Previously, the basic block was searched for future uses of the base register, and if necessary any writeback to the base register was reset using a SUB instruction (e.g. before calling a function) just before such a use. However, this step happened *before* the merged LDM/STM instruction was built.
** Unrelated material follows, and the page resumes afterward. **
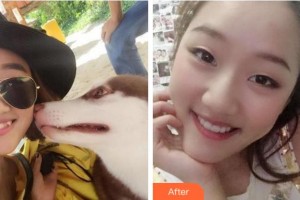 杭州博凡口腔門(mén)診部張弘整形價(jià)格表附牙齒隱形矯正案例展示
So if there was (e.g.) a function call directly after the not-yet-formed LDM/STM, the pass would first insert a SUB instruction to reset the base register, and then (at the same location, incorrectly) insert the LDM/STM itself.
Example (taken from Bugzilla):
void bar(int*, int, int); void foo(int *A) { int x = A[0]; int y = A[1]; bar(A, x, y); }
This currently compiles to:
$ clang -target arm -Os -mthumb -mcpu=arm926ej-s -c t.c -S -o -
@ BB#0: @ %entry push {r7, lr} add r7, sp, #0 subs r0, #8 ldm r0!, {r1, r2} bl bar pop {r7, pc}
With the patch applied, it gives the much more reasonable
@ BB#0: push {r7, lr} add r7, sp, #0 ldm r0!, {r1, r2} subs r0, #8 bl bar pop {r7, pc}
(Note that we do need the subs as the ldm writes back to the base register).
The patch moves the code that emits the merged instruction forward so this happens before the call that updates base register uses and potentially inserts the SUB. I've also added a test case derived from the example above to make sure that it now works properly.
Cheers
Moritz
This change looks odd. Why is the previous case not relevant any more?